4. Here is my version:

public class Main {

static boolean VampN(int x, int y) {
if( Integer.toString(x*y).length()==4 ) {
int[] d = {x*y/1000,(x*y-(x*y/1000)*1000)/100,(x*y-(x*y/100)*100)/10,x*y-(x*y/10)*10};
int[] di = {0,0,0,0};

for (int i=0; i<4; i++)
if(x/10 == d[i] && di[i] == 0) {
di[i]=1;
break;
}
for (int i=0; i<4; i++)
if(x-(x/10)*10 == d[i] && di[i] == 0) {
di[i]=1;
break;
}
for (int i=0; i<4; i++)
if(y/10 == d[i] && di[i] == 0) {
di[i]=1;
break;
}
for (int i=0; i<4; i++)
if(y-(y/10)*10 == d[i] && di[i] == 0) {
di[i]=1;
break;
}
for (int i=0; i<4; i++)
if(di[i]==0) return false;
}
else
return false;
return true;
}

public static void main(String[] args) {
// TODO code application logic here
for( int i=10; i<=99; i++)
for(int j=10; j<=99; j++)
if (VampN(i, j))
System.out.println(i+" x "+j+" = "+(i*j));
}

}

5. public class VampNumbers {

//method to join two single digits into a two digit number
static int join(int x, int y){
return(x * 10) + y;
}

//method to print vampire number if two derived numbers are equal to original
static void printVamp(int i, int x, int y){
if((x*y)==i){
System.out.println(i + " is a vampire number");
}
}

public static void main(String[] args) {
for(int i = 1000; i <=9999; i++){

//break 4 digit number into single digits
int a = i / 1000;
int b = (i % 1000) / 100;
int c = ((i % 1000) % 100) / 10;
int d = ((i % 1000) % 100) % 10;

//send all variations of multiplication to the printVamp method
printVamp(i, join(a, b), join(c, d));
printVamp(i, join(a, b), join(d, c));
printVamp(i, join(a, c), join(b, d));
printVamp(i, join(a, c), join(d, b));
printVamp(i, join(a, d), join(b, c));
printVamp(i, join(a, d), join(c, b));
printVamp(i, join(b, a), join(c, d));
printVamp(i, join(b, a), join(d, c));
printVamp(i, join(b, c), join(d, a));
printVamp(i, join(b, d), join(c, a));
printVamp(i, join(c, a), join(d, b));
printVamp(i, join(c, b), join(d, a));
}
}
}

6. I prefer simple very simple and easy to understand coding.

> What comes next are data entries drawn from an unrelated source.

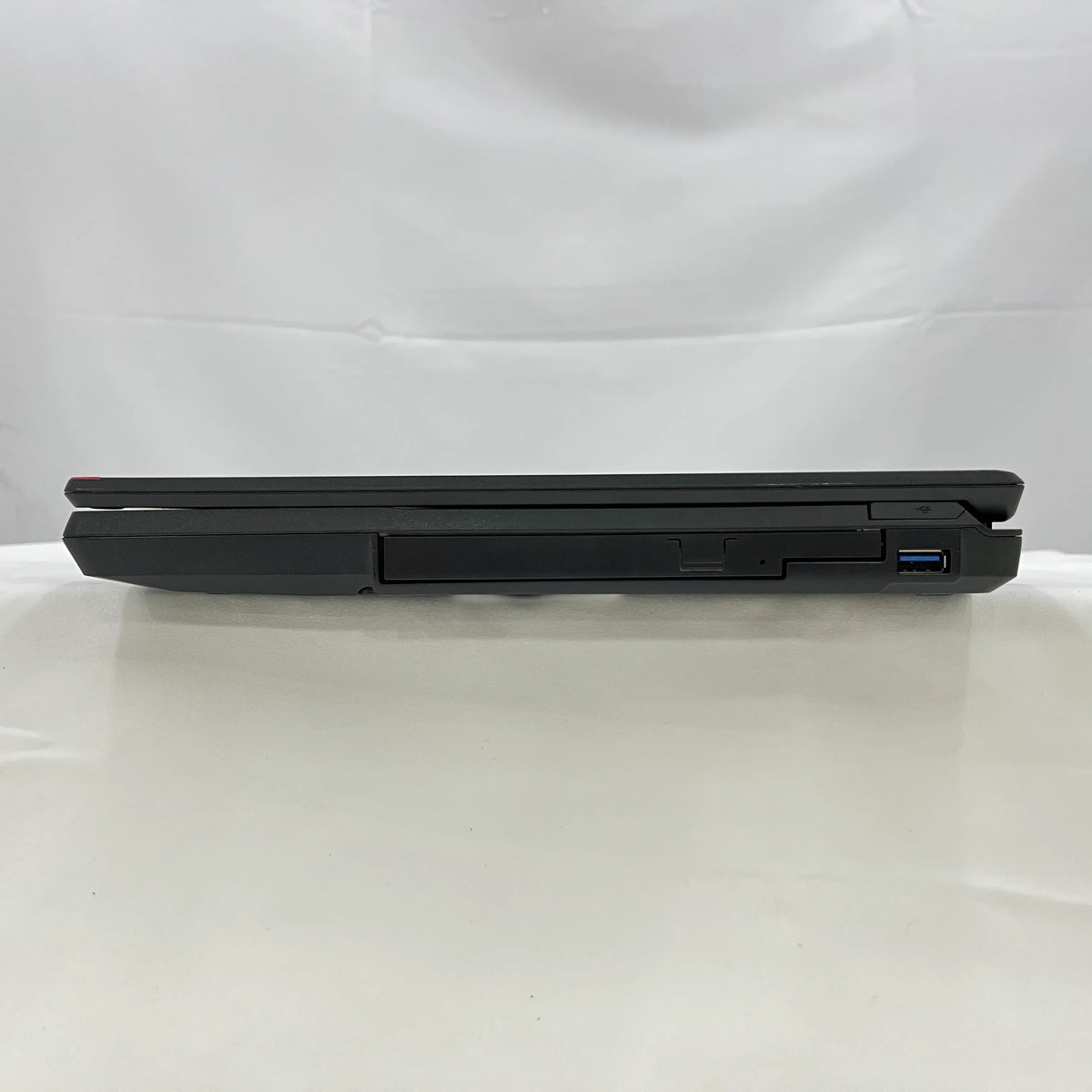 【中古Cランク】富士通 LIFEBOOK A5511 Core i5 1145G7/メモリ 8GB/SSD 256GB/15.6インチ/DVD-ROM/Windows 11 Pro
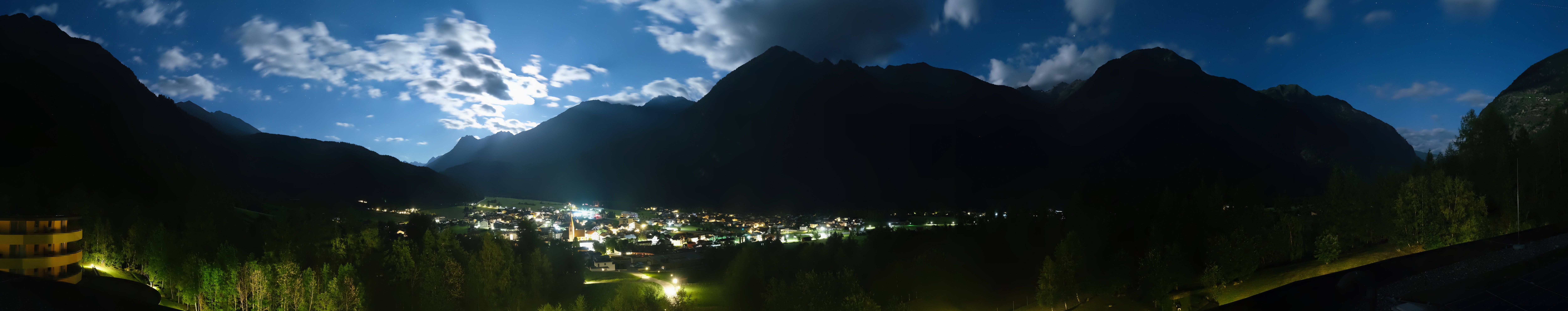 Archived image Webcam Umhausen in Ötztal valley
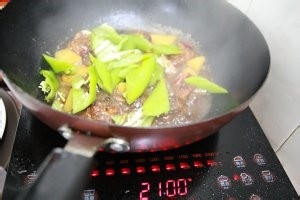 新疆大盘鸡的做法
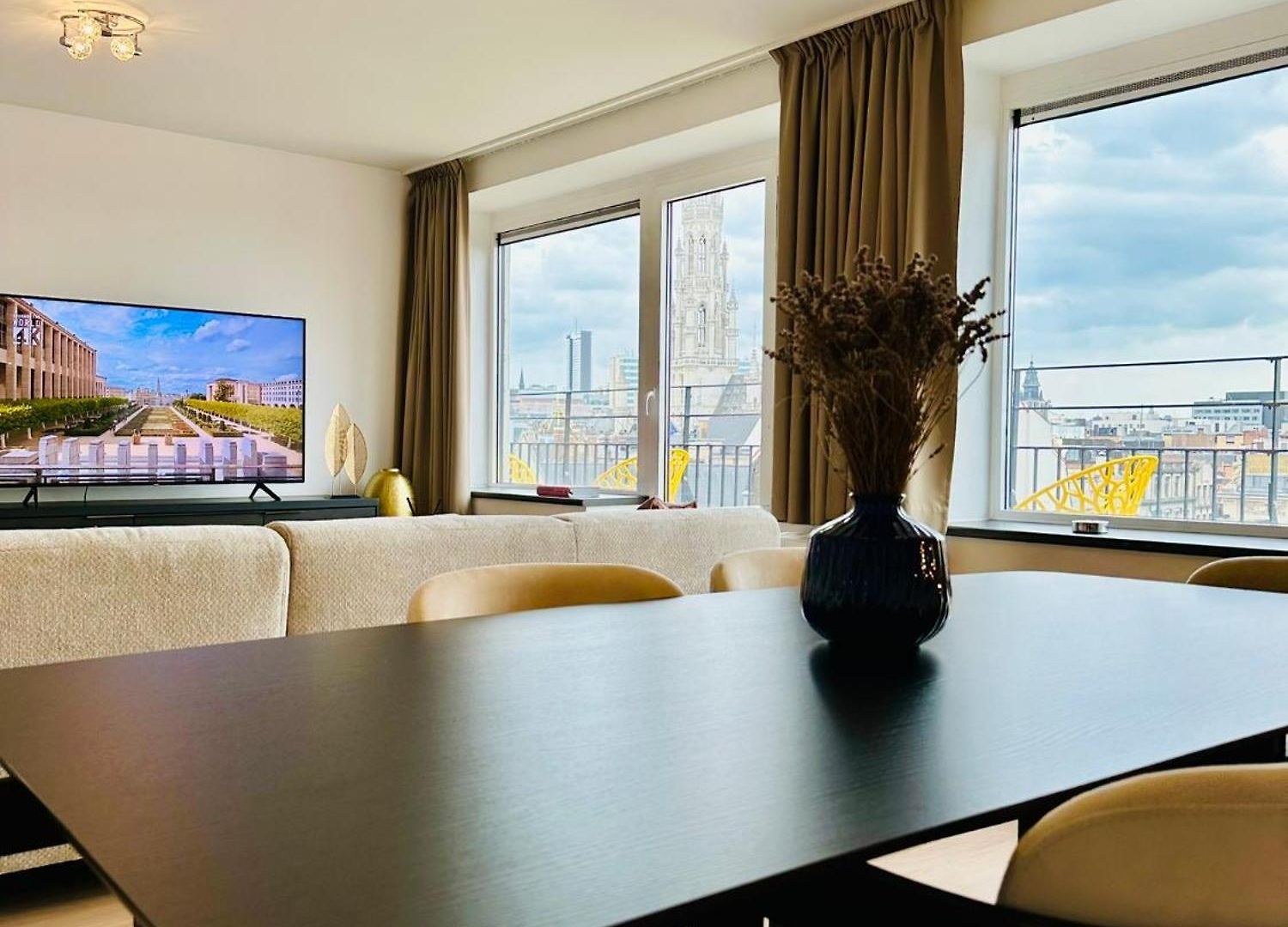 Apartment Grand Place View - 2bd - Exclusive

I hope this helps :)

import java.io.IOException;
/**
*
* @author Abhinav Mathur
*/
class NewClass3
{
public static void main(String args[]) throws IOException
{
int e=0;
System.out.print("Enter 1st two digit number = ");
System.out.print("Enter 2nd two digit number = ");
int c=a*b;
int f=c;
int d=a*100+b;
for(int i=0;i<4;i++)
{
int num1=d%10;
d=d/10;
c=f;
for(int j=0;j<4;j++)
{
int num2=c%10;
c=c/10;
if(num1==num2)
{
e++;
}
}
}
if(e==4)
{
System.out.println("VAMPIRE NUMBER");
}
else{
System.out.print("NOT A VAMPIRE NUMBER");
}
}
}